A few weeks back I was browsing a good sextant website to which TIGHAR has occasionally linked in its articles on sextants. There does not seem much of great interest in the numbering of these sextant boxes (
photo 1, photo 2), since each box has only a single number associated with it.
What is interesting to me are the genuine blind ("drawer style") dovetails on the middle (Ajax Engineering) and bottom (David White) boxes of photo 1. Most of the sextant boxes associated with Brandis (a company of which the box found on Niku has speculatively
been associated) that I've seen are of the
box-comb ("finger") joint variety, not dovetailed. The box on top in photo 1 is a Pioneeer-Bendix box and has box-comb joints. (Pioneer purchased Brandis in 1922.) Patrick Macdonald, British colonial secretary for the Western Pacific High Commission,
said to Colonial Secretary Vaskess that the sextant box found on Nikumaroro had dovetailing on the corners.
The article on these sextants and boxes is
here.
The numbers on the boxes are as follows: The top box, the Brandis Box, has 14170. The Ajax box, the middle box, has written beside Mark II, faintly, 10479, Contract No. 97652 and next to that the numeral 1942 (production year?). The David White box, bottom box, has 3782 stamped on the front. The webmaster of the site, who lives in New Zealand, informed me no other numbers can be detected on the boxes, with the exception of an index number in pencil on the inside back of the lid of the top box, which matches the number on the outside plate.

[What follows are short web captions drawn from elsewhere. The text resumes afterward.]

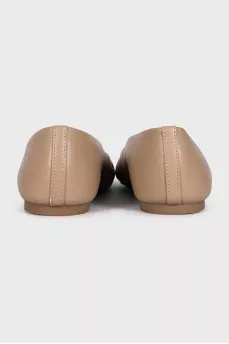 Leather ballet flats with signature logo
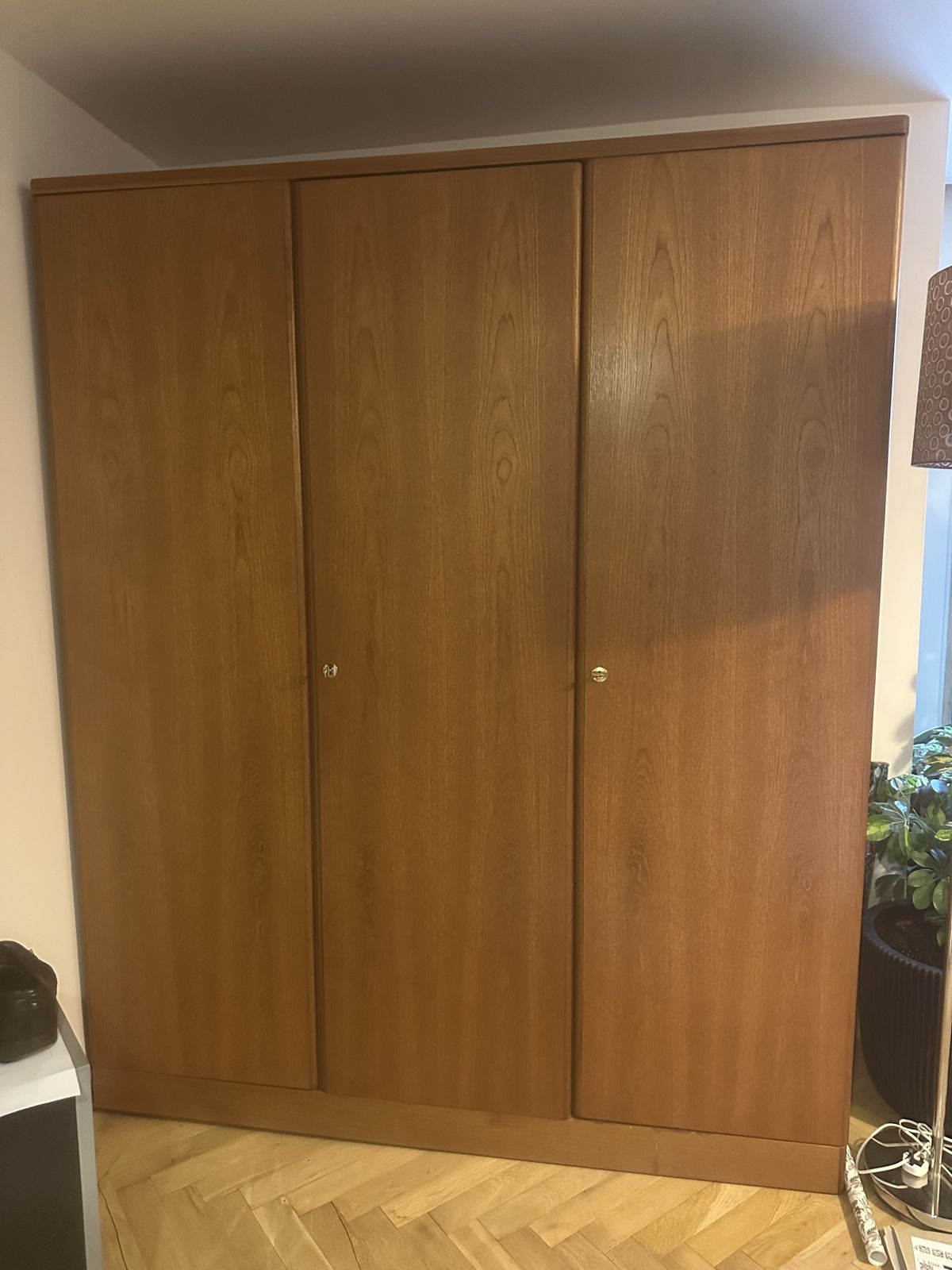 1987 Stag Triple Wardrobe photo for sale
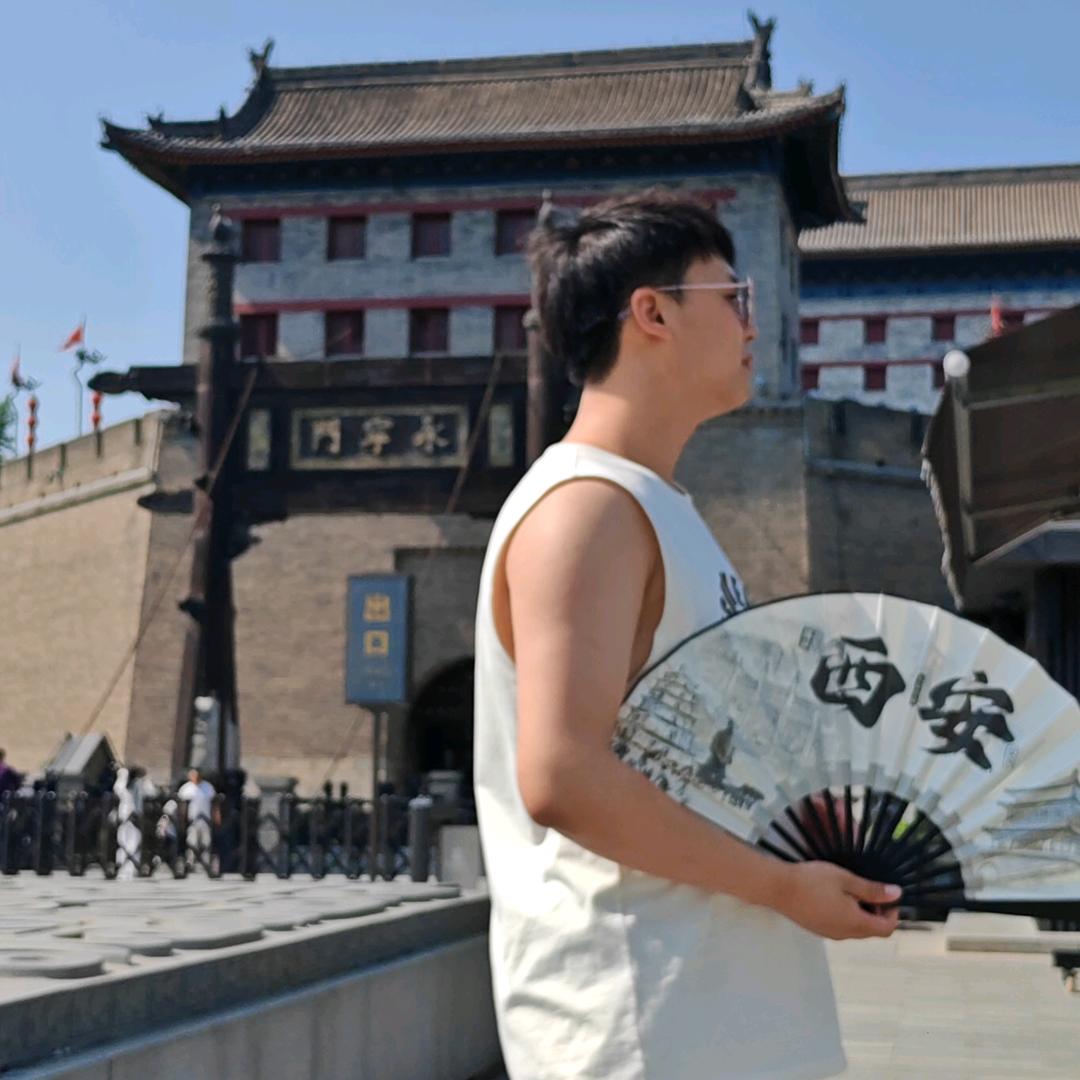 虹湾游泳馆店长杨教练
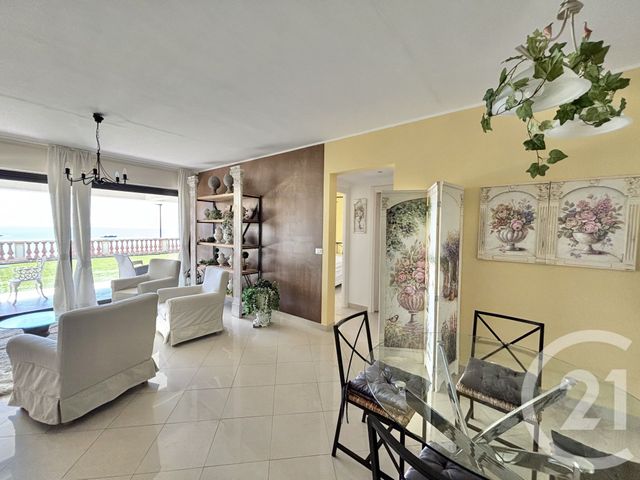 Appartement F3 à louer - 2 pièces - 58.5 m2 - ROQUEBRUNE CAP MARTIN - 06 - PROVENCE-ALPES-COTE-D-AZUR - Century 21 Agence Molière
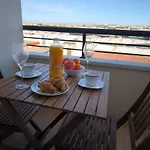 Comfortable Apartment In Excellent Location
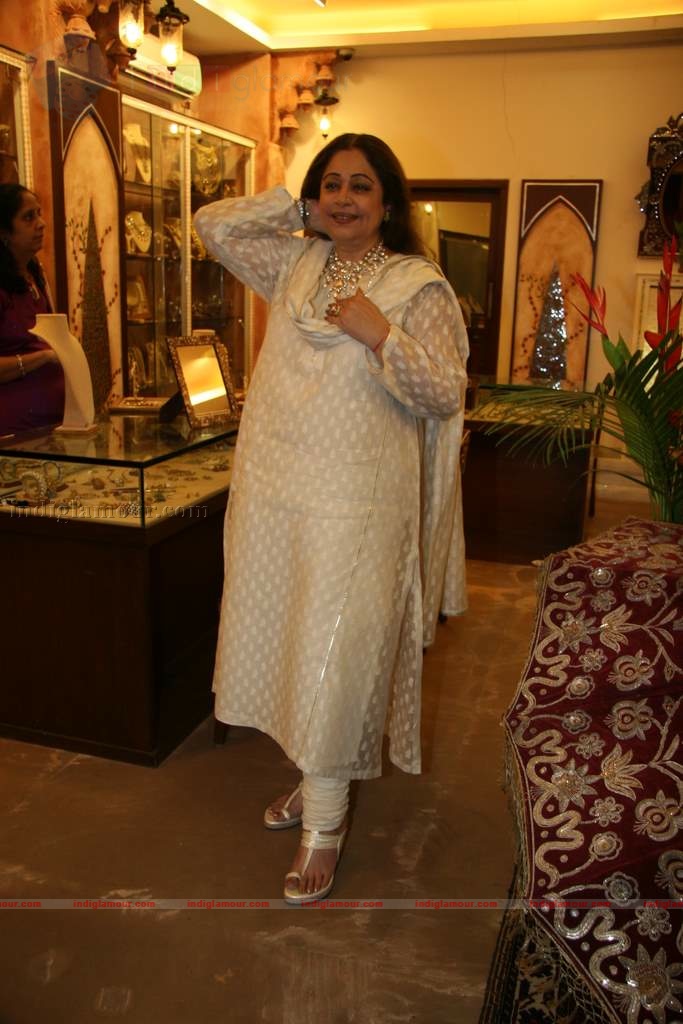 Kirron Kher at Amrapali Jewels wedding workshop Event hd photo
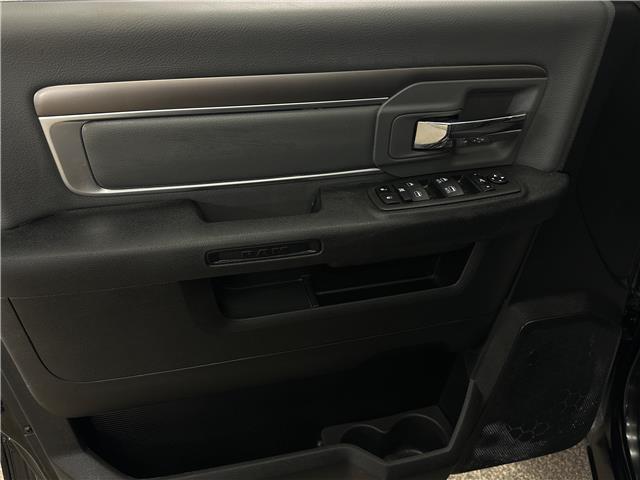 2023 RAM 1500 Classic SLT (Stk: 43127J) in Belleville - Image 13 of 23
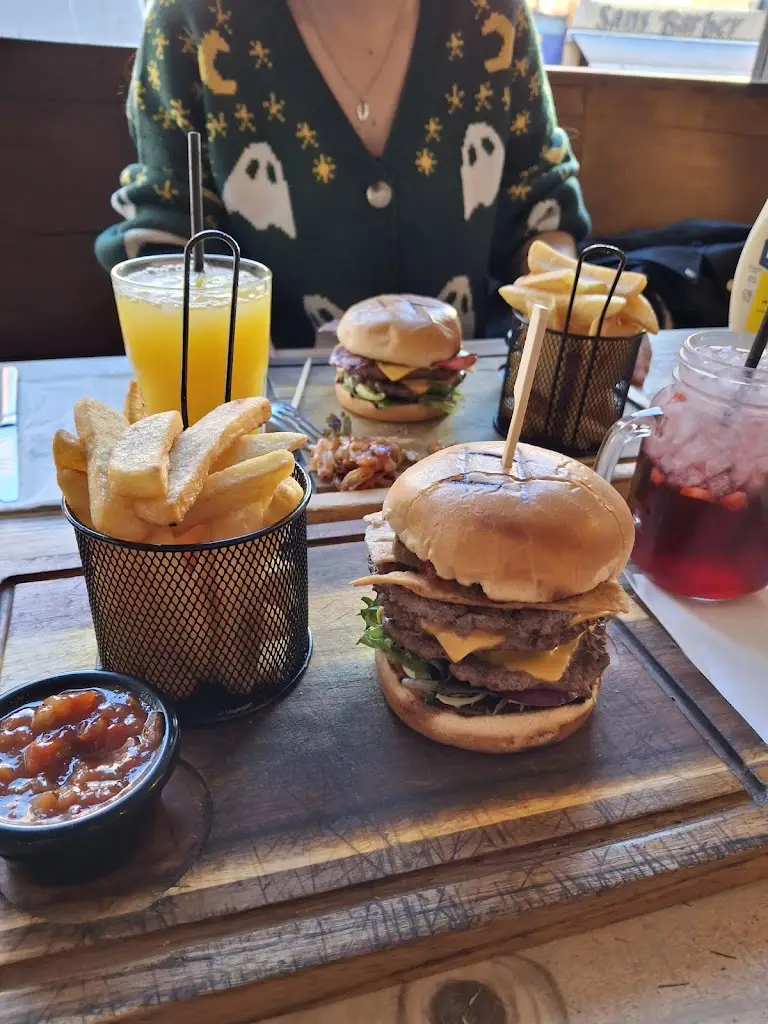 Aaron Hutchinson_Farro's Grillhouse_New Basford_review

What's been of long-standing interest to me as well is that
Bendix was a sponsor of world flight, agreeing to provide "such instruments and other equipment as he manufactures and otherwise cooperate technically." Pioneer, which purchased Brandis, sold the firm to Bendix in 1928. The one document or photograph, however, that might tie everything neatly together in a nice package has been elusive.